Ms Rayner said her party’s pledges were part of its plan to create a ‘cradle-to-grave’ National Education Service, supporting everyone throughout their lives starting from the early years.
Irony of underfunding by 'successive governments' pledging free childcare
In response to Ms Rayner’s speech, Liz Bayram, chief executive at the Professional Association for Childcare and Early Years (PACEY) said the "commitment from Labour to provide universal free childcare for two to four-year-olds no matter what a family earns is ambitious.
“It can only be turned into a reality by working with the sector on how it is implemented and by ensuring adequate funding to support high quality delivery. Lessons need to be learnt from the current 30 hours implementation."

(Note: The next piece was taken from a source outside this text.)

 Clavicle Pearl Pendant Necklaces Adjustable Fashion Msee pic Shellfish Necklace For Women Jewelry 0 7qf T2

The NDNA's chief executive Purnima Tanuka added: “The sector is struggling to attract and retain high quality candidates – “largely due to endemic low pay in the sector, ironically caused by years of chronic underfunding by successive governments offering parents pledges of free childcare.

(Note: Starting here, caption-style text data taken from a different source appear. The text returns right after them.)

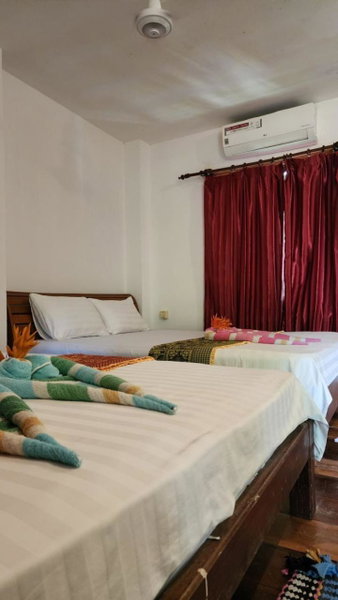 Sweet Jungle Bungalows, Koh Rong Island, Cambodge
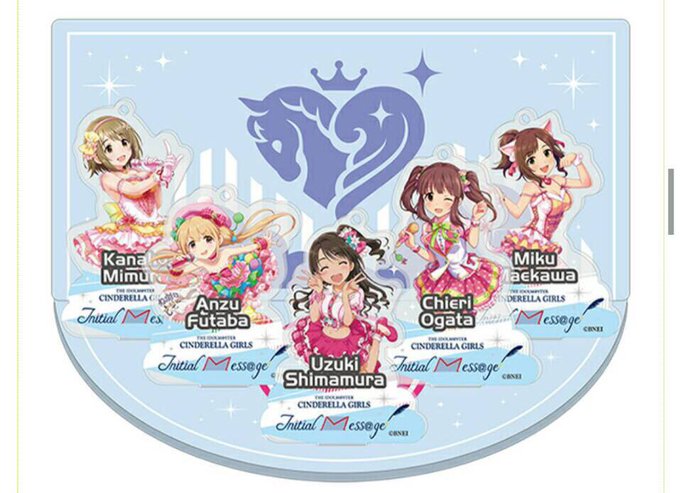 シンデレラガールズ台湾公演のtwitterイラスト検索結果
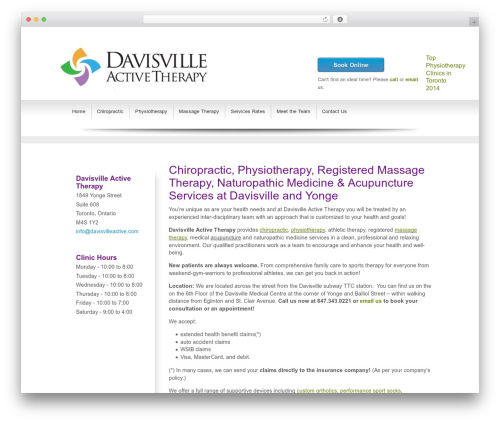 WordPress theme Zen Theme - davisvilleactive.com WordPress theme Zen Theme - davisvilleactive.com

“Free childcare and early years education must be free, both for parents and providers. Otherwise it just is not sustainable.”
10 Oct 2017 12:48 PM
Whilst I agree with both David Smith and Lorraine Krimou's comments, I would question why we need the hassle of the extra workload to claim the funding in the first place. Why can't the money be given direct to the parent and paid directly into a Tax Free Childcare Account/Education Account. Child benefit is a fixed sum paid directly into a parent's Bank Account either weekly or monthly, why can't the funding be the same? The information is already there. No local authority need be involved at all in any administration, we as providers do not need to claim anything, thus avoiding a mountain of paperwork, the Government don't lose face because they will be giving each 2 to 4 year old their subsidised 30 hours (or whatever) and a fixed sum per hour can be given to every parent. At the moment each local authority across the country gives out a different amount to providers and each provider within the same area can be getting different amounts too. It should be a fixed sum specifically for the child across the board. That way we as providers can charge what is appropriate for our sustainability, parents will have a wider choice of providers and parents will have to pay our hourly rate. Politicians can then work out the Math a bit more accurately. It's a win win situation for everyone. This funding isn't free it is subsidised and at the moment it is being subsidised by us the providers!
05 Oct 2017 10:54 AM
Fully agree with David Smith, far easier to offer subsidised childcare places rather than free places as costs vary from setting to setting and location to location. Before this was introduced I responded to a Govt research interview about the scheme and back then I suggested that these payments could and should be recovered directly by nurseries via the PAYE system in exactly the same way that sick and maternity payments are recovered - there is absolutely no need for local authorities to be involved with this- and this would automatically release the 10% that is currently hived off the funding to pay for LA admin costs. Businesses don't pay their tax, national insurance and pension liabilities and business running costs via local government so can't SEE ANY JUSTIFICATION WHATSOEVER why a revenue/ income stream has to be paid via local councils to the private sector.
04 Oct 2017 7:33 PM
It is very easy for a party not in power to promise the earth. Both parties should ditch the use of the phrase "free childcare" and turn to subsidising childcare to make it affordable. Publicly funded "free" childcare for a 2 to 4 year-olds would be extremely expensive. Neither the government nor the opposition should rely on the figures that they are currently using for their costings. The sector needs higher levels of income to pay graduates and EYEs the level of income that the job that they do warrants.